§ Data extract:
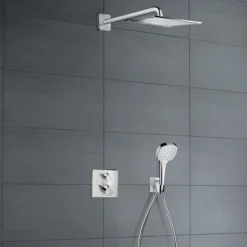 Colonne de douche encastrée thermostatique HANSGROHE Ecostat Square chromé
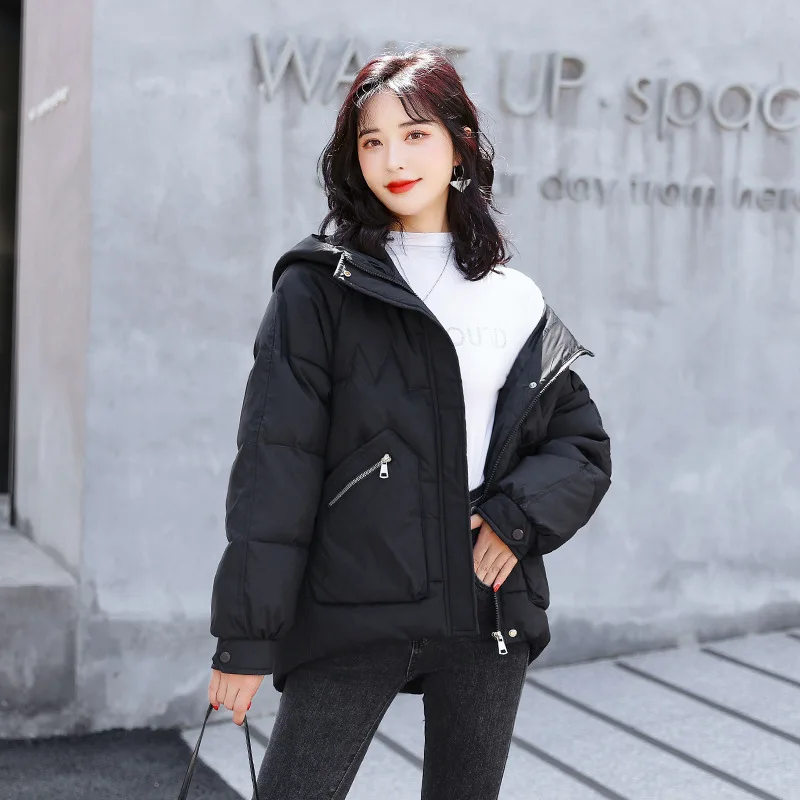PinkyIsBlack Autumn Winter Jacket Women 2022 New Short Basic Down Thicken Coat Oversized Parkas with Hood Puffer Outerwear 4XL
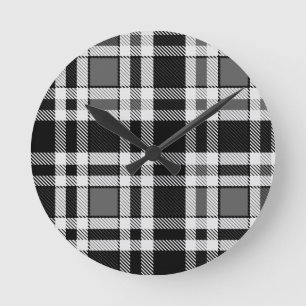 Grey Black White Flannel Plaid Tartan Design Round Clock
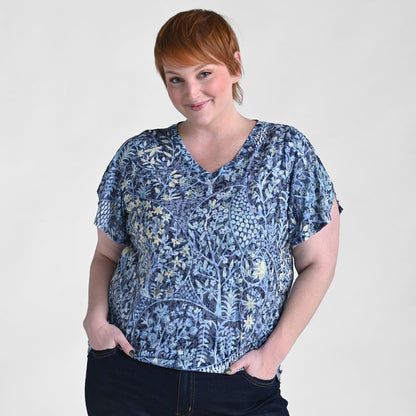Christopher & Banks Paisley Printed V Neck Tulip Sleeve Top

§ Work request: After locating the line with "Grey Black White" in the listing above, transcribe it and every line after it to the last, exactly, with no pictures.

§ Output of the exercise:
 Grey Black White Flannel Plaid Tartan Design Round Clock
Christopher & Banks Paisley Printed V Neck Tulip Sleeve Top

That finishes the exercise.